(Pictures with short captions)
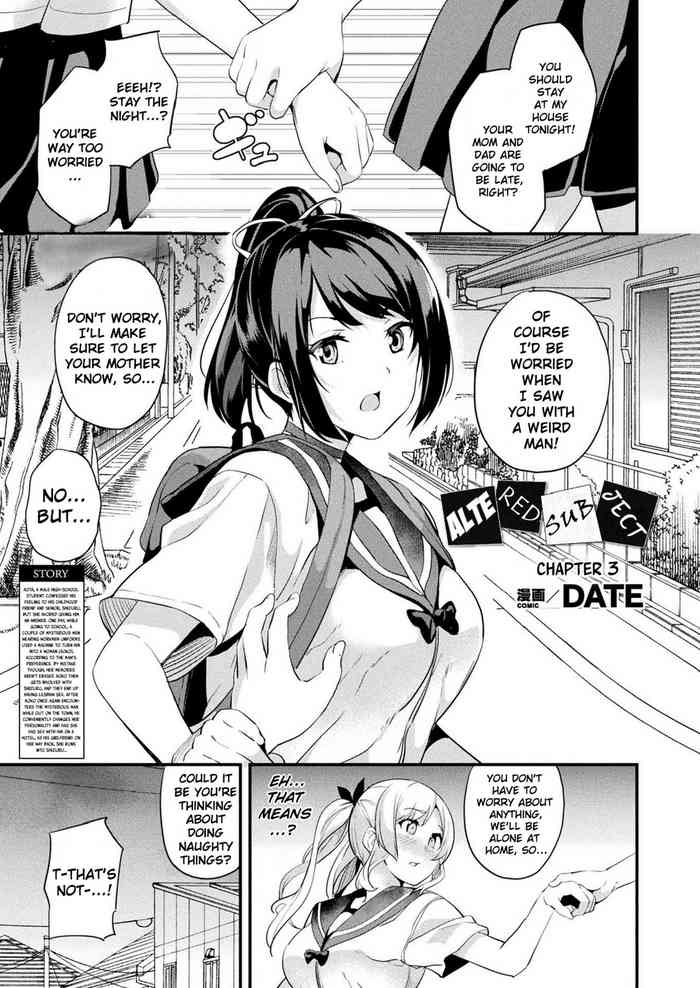 Altered Subject Chapter 3 cover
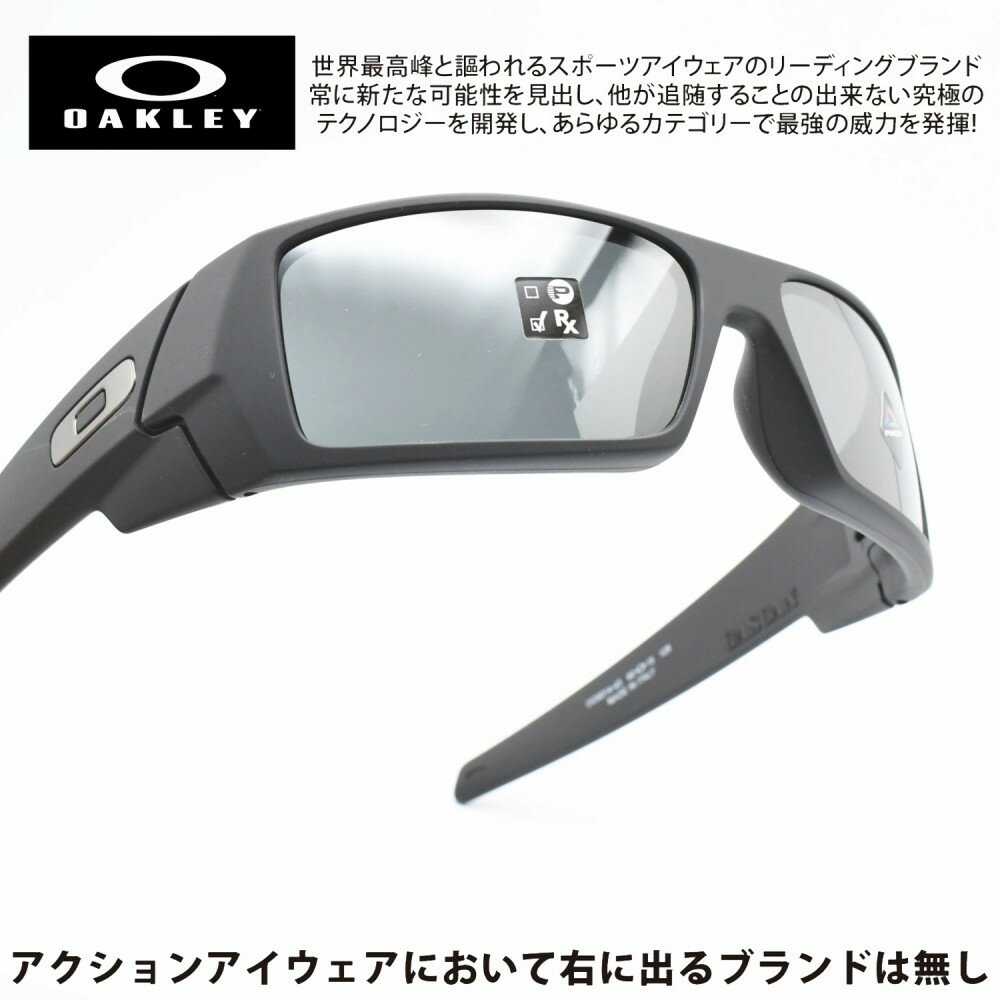 OAKLEY オークリーGASCAN OO9014-43MATTE BLACK/PRIZM BLACK アジアンフィット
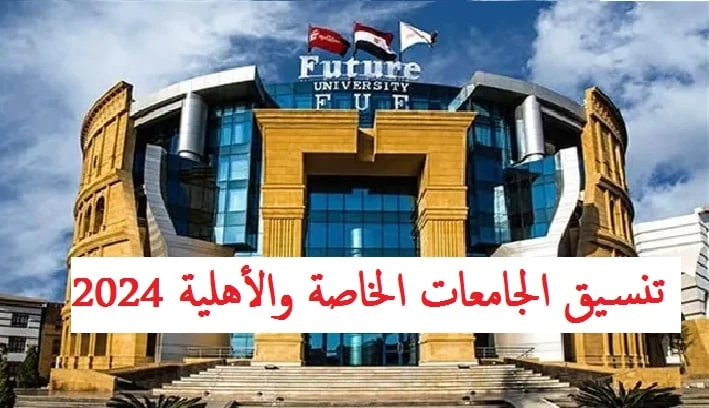 تنسيق الجامعات الخاصة والأهلية 2024 الحد الأدنى للقبول بكليات الطب والصيدلة والهندسةأعلنت وزارة التعليم العالي والبحث العلمي الحد الادنى للقبول بكليات الجامعات الخاصة والأهلية 2024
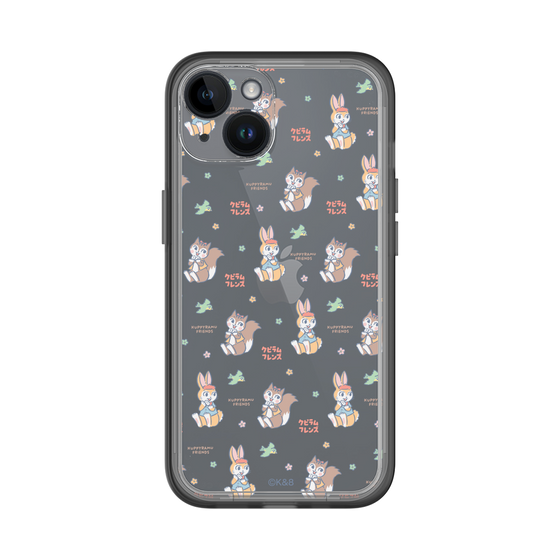Slim Protection Premium Case［ Kuppyramu Friends - Illustration ］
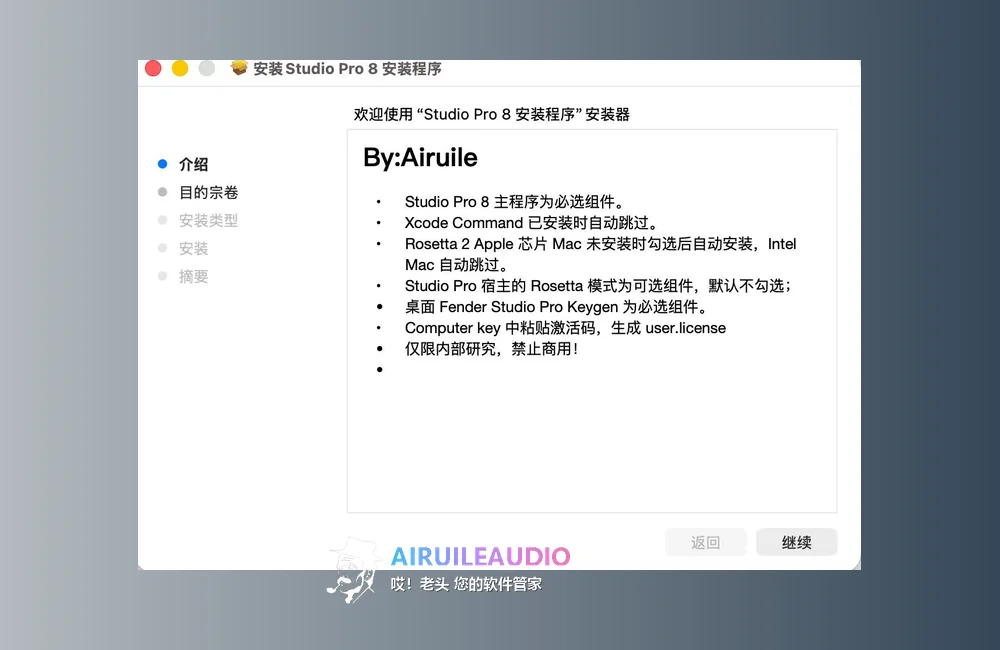 图片[4]-Studio Pro 宿主调试工具_Mac_会员免费制作-艾瑞乐精品音频资源网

### What to produce
Please retype exactly the lines from the line containing "Slim Protection Premium" through the final line of the records above, inclusive, leaving out any pictures.

### Solution for this task
Slim Protection Premium Case［ Kuppyramu Friends - Illustration ］
 图片[4]-Studio Pro 宿主调试工具_Mac_会员免费制作-艾瑞乐精品音频资源网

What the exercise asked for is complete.